Esperimenti in Guatemala
Nella sua accusa, Chavez aveva fatto esplicito riferimento al Guatemala, come esempio di un possibile complotto segreto. Nel 1946 gli USA pensarono infatti di utilizzare un Paese dell’America Centrale per studiare un vaccino contro le malattie sessualmente trasmissibili, gonorrea e sifilide in primis. Il fortunato prescelto fu il Guatemala che, in due anni, venne infettato in massa con la gonorrea perchè i medici statunitensi potessero testare il funzionamento della penicillina. Le cavie umane non furono informate e non diedero quindi nessun consenso alle sperimentazioni. Tra i prescelti vi furono in particolare soldati, prostitute, prigionieri e malati mentali. Su circa 1300 cavie, solo 700 ricevettero qualche tipo di trattamento.
Come ha fatto notare il giornalista Massimo Mazzucco: «Non è un caso che questo sia successo […] sul finire della seconda guerra mondiale, quando la CIA aveva iniziato ad importare e arruolare negli Stati Uniti quei nazisti che appartenevano ad una corrente politica e di pensiero chiamata “eugenetica”. La mentalità è la stessa. Trattare il terzo mondo come animali, come cavie da laboratorio, o come gente che non abbia lo stesso valore degli altri».

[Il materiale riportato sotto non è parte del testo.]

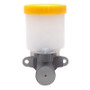 DFC 86-96 Nissan 720 Brake Master Cylinder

Come nel caso del Guatemala, anche l’intera America Latina potrebbe essere un banco di prova per le sperimentazioni dell’intelligence statunitense. La CIA potrebbe aver sviluppato una tecnologia genetica in grado di inoculare il cancro? Potrebbe trattarsi di un’arma elettromagnetica? Oppure l’Agenzia utilizza una rete di infiltrati in grado di avvelenare le vittime su commissione?
Indipendentemente dal metodo utilizzato, se seguiamo l’ipotesi paventata da Chavez e ora riproposta da Maduro, i leader colpiti da cancro potrebbero essere stati “puniti” per le loro politiche ribelli. Una vendetta e una forma di avvertimento, forse, per coloro che intendono disertare le direttive di Washington.
Ma, come ricorda Maduro, «Chi muore per la vita non può essere considerato morto».